• **About this task**: Below are some records; repeat them all exactly, minus the pictures.

• **Material provided**:
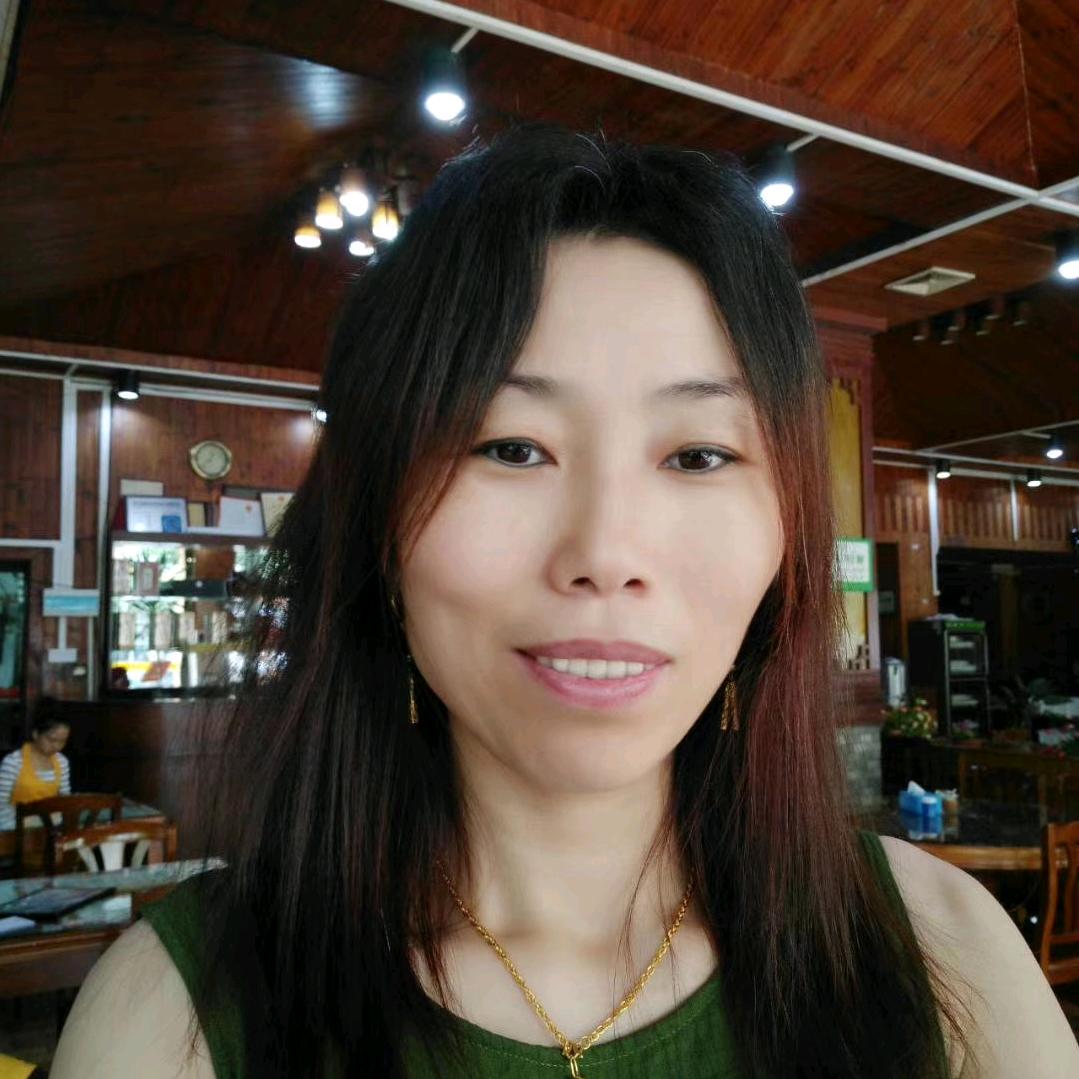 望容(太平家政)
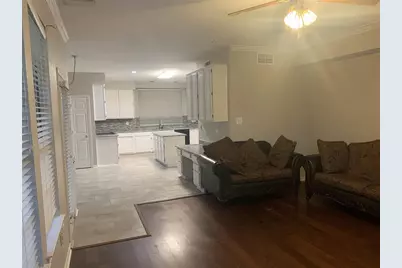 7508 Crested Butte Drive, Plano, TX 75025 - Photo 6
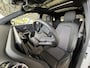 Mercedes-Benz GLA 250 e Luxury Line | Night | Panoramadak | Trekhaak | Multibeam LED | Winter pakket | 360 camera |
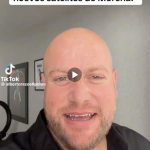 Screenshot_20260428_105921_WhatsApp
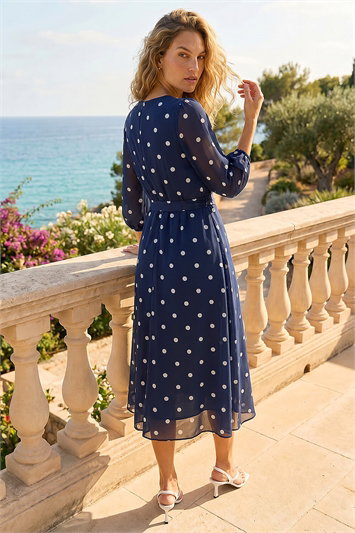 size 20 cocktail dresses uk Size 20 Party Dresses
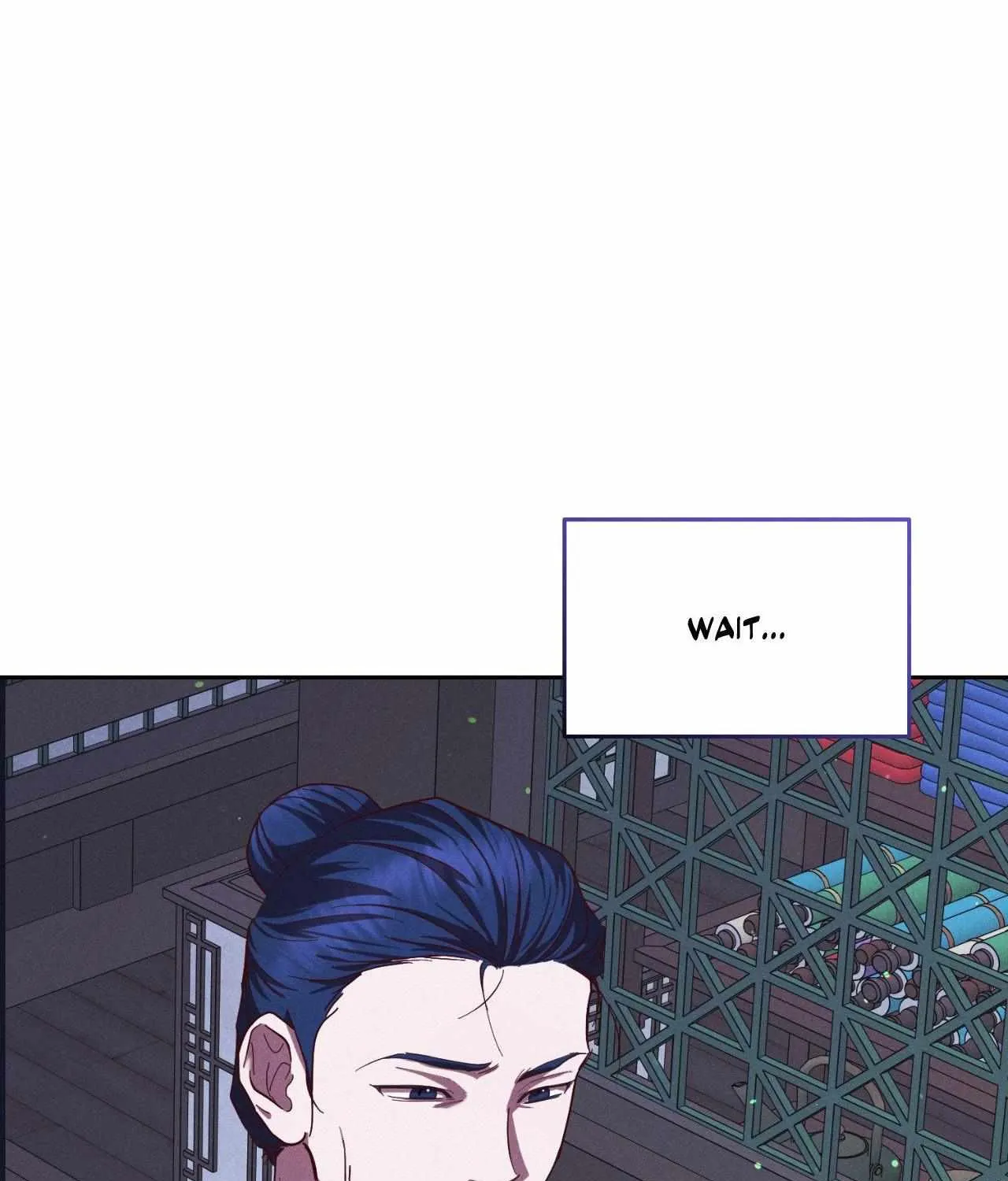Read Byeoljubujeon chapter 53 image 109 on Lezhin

• **Expected answer**:
 望容(太平家政)
 7508 Crested Butte Drive, Plano, TX 75025 - Photo 6
 Mercedes-Benz GLA 250 e Luxury Line | Night | Panoramadak | Trekhaak | Multibeam LED | Winter pakket | 360 camera |
 Screenshot_20260428_105921_WhatsApp
 size 20 cocktail dresses uk Size 20 Party Dresses
Read Byeoljubujeon chapter 53 image 109 on Lezhin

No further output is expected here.